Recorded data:
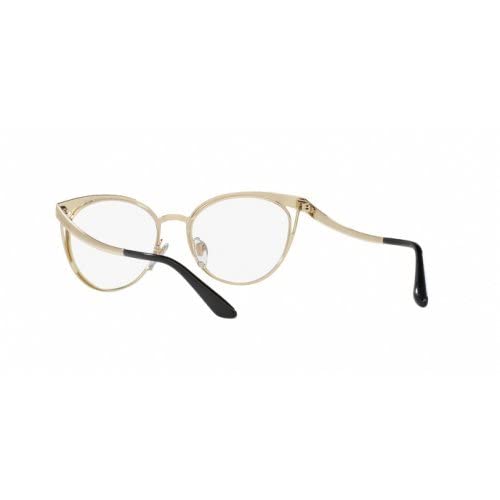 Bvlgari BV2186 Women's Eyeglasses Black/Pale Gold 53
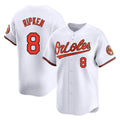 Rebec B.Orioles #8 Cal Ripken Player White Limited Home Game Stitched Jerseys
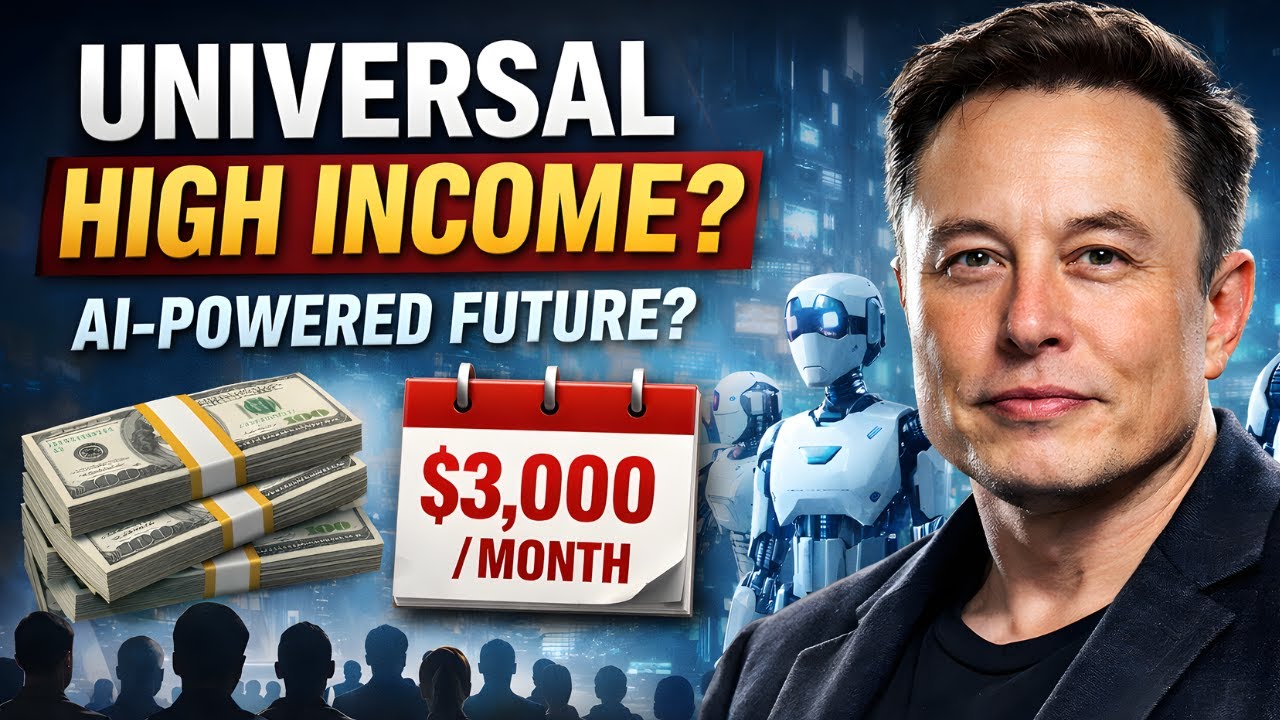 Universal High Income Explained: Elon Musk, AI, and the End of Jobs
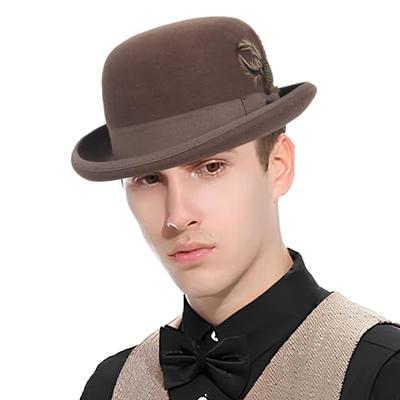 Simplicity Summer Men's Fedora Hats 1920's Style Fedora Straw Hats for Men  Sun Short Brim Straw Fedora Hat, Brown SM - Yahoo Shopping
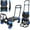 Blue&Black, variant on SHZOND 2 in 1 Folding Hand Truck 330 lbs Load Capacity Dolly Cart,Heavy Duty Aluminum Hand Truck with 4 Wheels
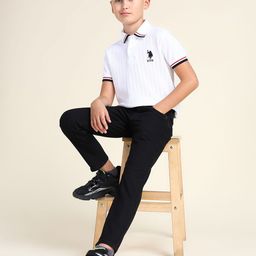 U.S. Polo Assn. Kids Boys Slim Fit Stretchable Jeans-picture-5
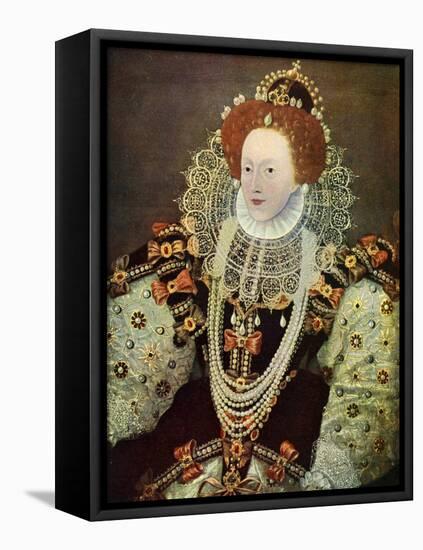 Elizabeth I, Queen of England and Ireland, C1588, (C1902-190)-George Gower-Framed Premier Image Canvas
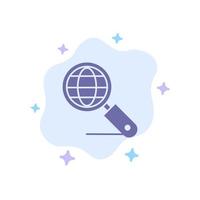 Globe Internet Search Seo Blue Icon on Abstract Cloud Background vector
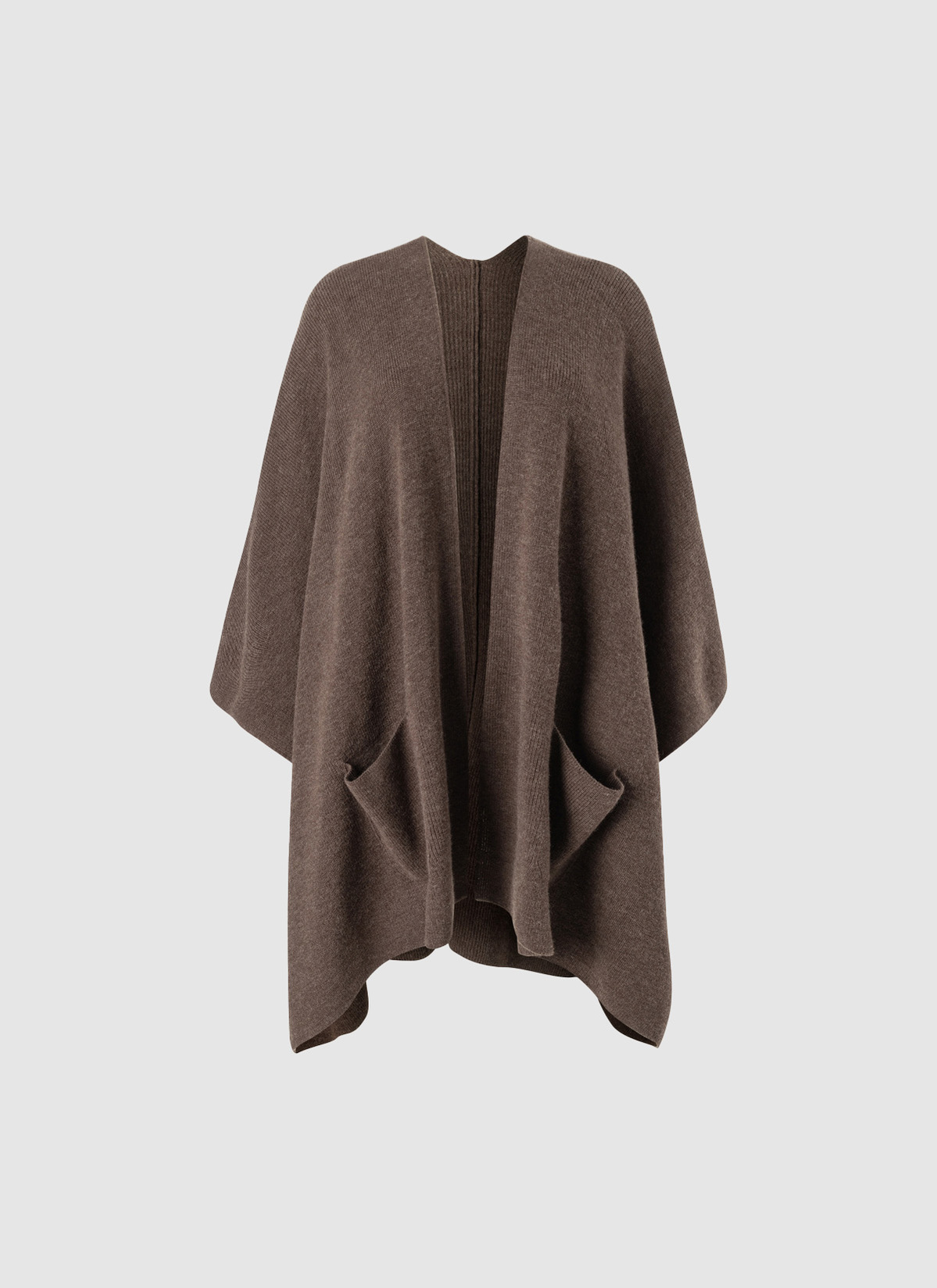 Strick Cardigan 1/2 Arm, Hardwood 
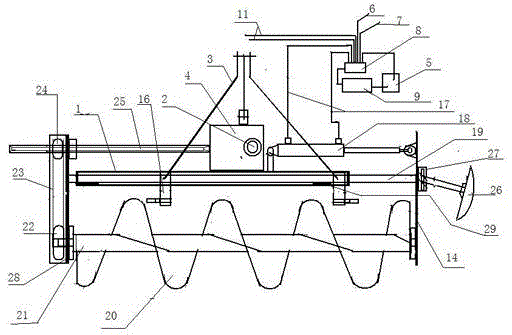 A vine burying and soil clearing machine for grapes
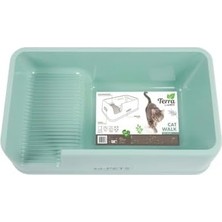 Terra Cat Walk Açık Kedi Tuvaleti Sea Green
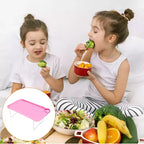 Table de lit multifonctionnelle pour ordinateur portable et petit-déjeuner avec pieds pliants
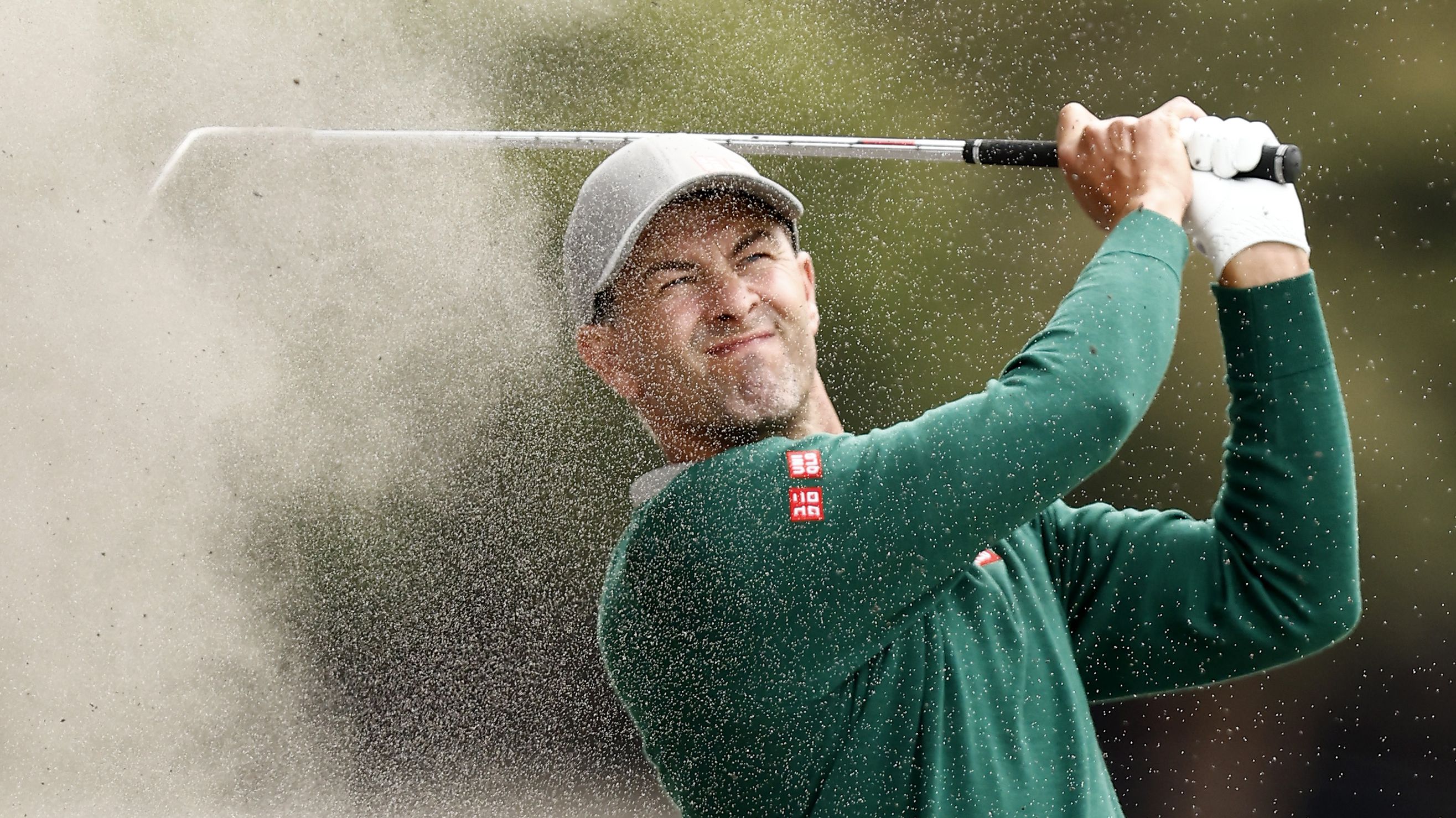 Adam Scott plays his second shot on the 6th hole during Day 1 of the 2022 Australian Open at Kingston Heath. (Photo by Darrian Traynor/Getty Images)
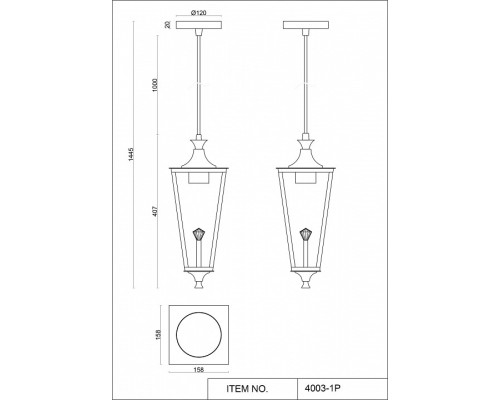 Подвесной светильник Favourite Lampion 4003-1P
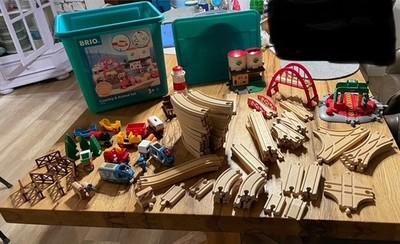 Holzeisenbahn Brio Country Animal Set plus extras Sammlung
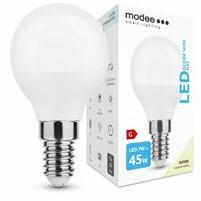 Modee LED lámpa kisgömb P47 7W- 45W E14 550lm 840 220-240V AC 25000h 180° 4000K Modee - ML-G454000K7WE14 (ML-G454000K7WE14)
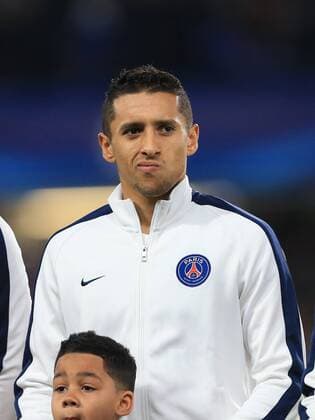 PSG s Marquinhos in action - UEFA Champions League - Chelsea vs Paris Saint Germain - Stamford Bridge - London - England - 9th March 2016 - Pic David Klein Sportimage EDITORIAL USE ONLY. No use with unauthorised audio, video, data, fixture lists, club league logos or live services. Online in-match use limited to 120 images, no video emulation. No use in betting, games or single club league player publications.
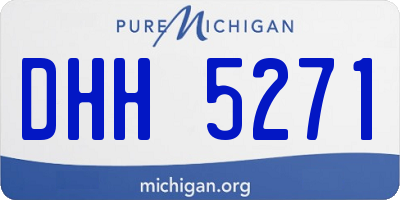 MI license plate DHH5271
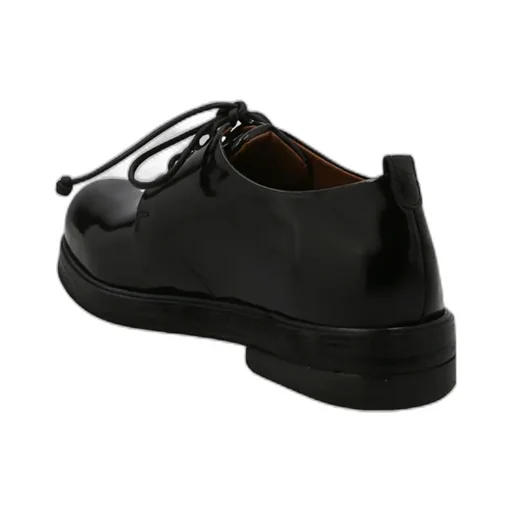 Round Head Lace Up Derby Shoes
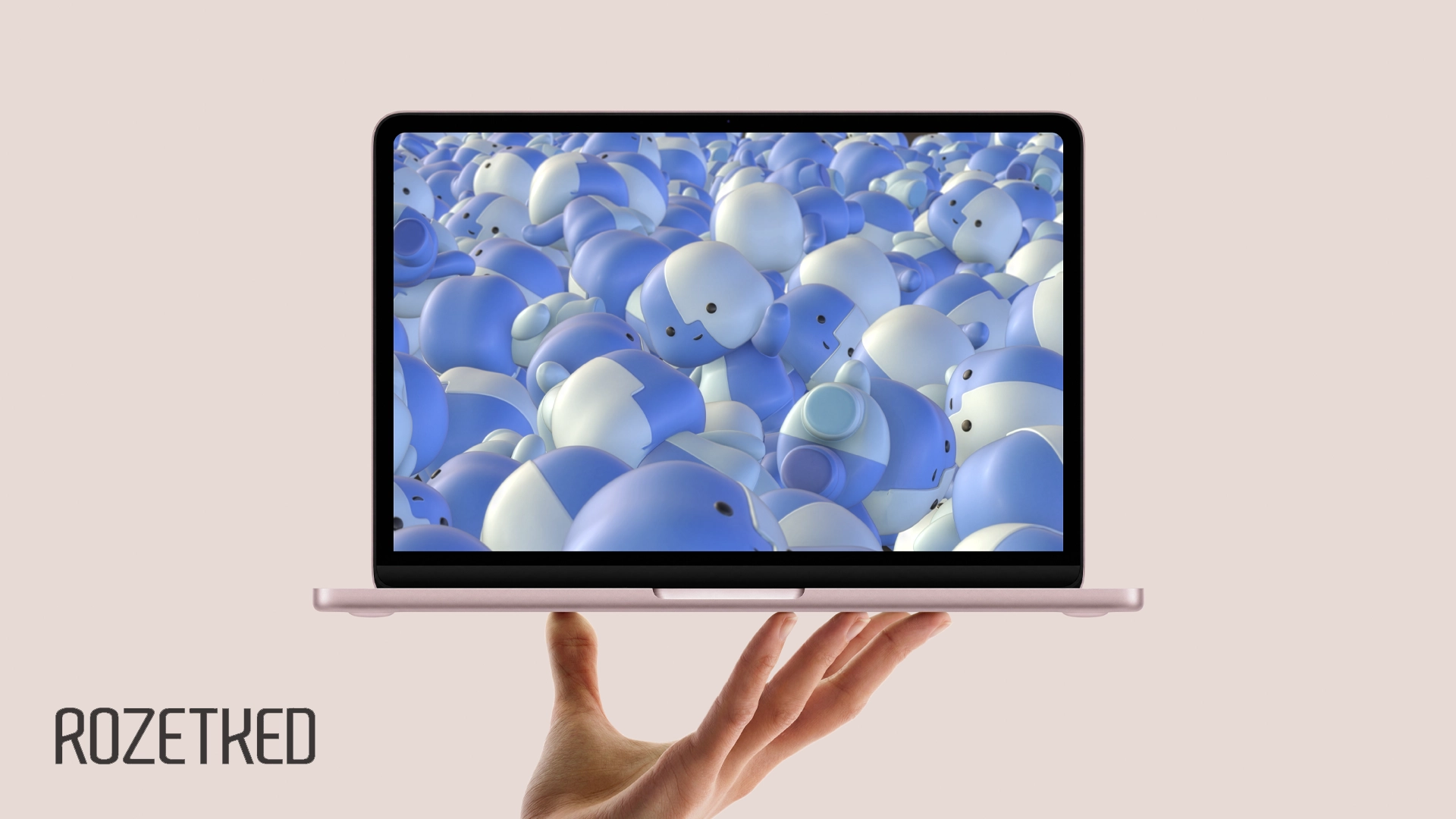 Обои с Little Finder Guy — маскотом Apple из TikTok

## Requirement
From the records above, copy exactly the stretch from the line holding "Table de lit" through the line holding "Подвесной светильник Favourite", both ends included, without the pictures.

## Result of the exercise
 Table de lit multifonctionnelle pour ordinateur portable et petit-déjeuner avec pieds pliants
 Adam Scott plays his second shot on the 6th hole during Day 1 of the 2022 Australian Open at Kingston Heath. (Photo by Darrian Traynor/Getty Images)
 Подвесной светильник Favourite Lampion 4003-1P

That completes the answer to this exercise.